Tour through Bronx Zoo, 1950

The Wildlife Conservation Society was originally chartered by the government of the State of New York, on April 26, 1895. Then known as the New York Zoölogical Society, the organization embraced a mandate to advance native wildlife conservation, promote the study of zoology, and create a first-class zoological park that would be free to the public; its name was changed to the Wildlife Conservation Society in 1993. Andrew H. Green was the first president of the society but was replaced by Levi P Morton after Green resigned due to declining health. Henry Fairfield Osborn, who was the curator of the American Museum of Natural History and the founder of the American Eugenics Society, was Morton's successor. Madison Grant, popular eugenicist and author of The Passing of The Great Race, acted as the society's secretary and the chairman of the executive committee. William Temple Hornaday operated as the founding Director and General Curator of the park itself. Together, these leaders wrote hundreds of works promoting preservationist values. According to environmental historian Miles A. Powell, their writings and arguments were foundational for conservation but partially motivated by racial discrimination, hyper masculinity, and an association between protecting the nation's wildlife and protecting the nation's white population.

Other notable figures involved in the Society's creation include George Bird Grinnell, founder of the Audubon Society and editor of Forest and Stream magazine, and members of the Boone and Crockett Club.

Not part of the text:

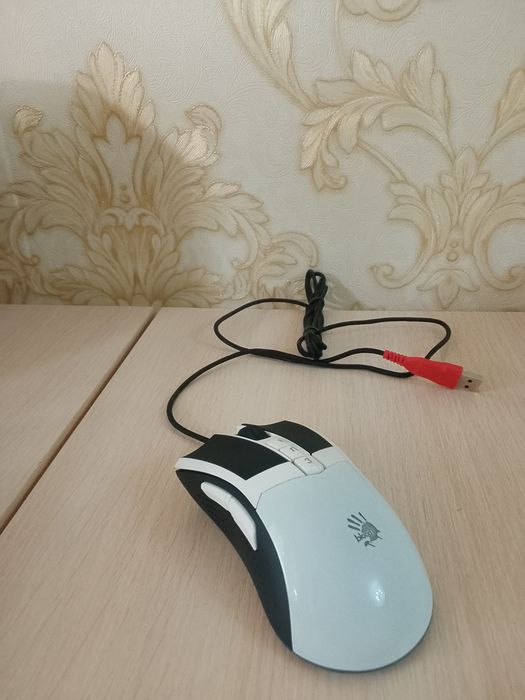игровая мышка Bloody W90max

The Bronx Zoo (formerly the New York Zoological Park) was designed along the lines of other cultural institutions in New York City, such as the American Museum of Natural History. The city provided the land for the new zoo and some funding for buildings and annual operating costs. WCS raised most of the funds for construction and operations from private donors, and selected the scientific and administrative personnel. Hornaday's tenure was very significant for conservation, but he encountered controversy after the exhibiting Ota Benga, a Mbuti (Congo pygmy) man.

===Work===
In the late nineteenth century William Temple Hornaday, then director of the New York Zoological Park (now the Bronx Zoo), carried out a direct-mail survey of wildlife conditions through the United States and publicized the decline of birds and mammals in the organization's annual reports. He was a prolific writer who published The Extermination of the American Bison and Our Vanishing Wildlife: Its Extermination and Preservation, among many other texts. Our Vanishing Wildlife, in particular, revealed an association between species extinction and the decline of the white race in America.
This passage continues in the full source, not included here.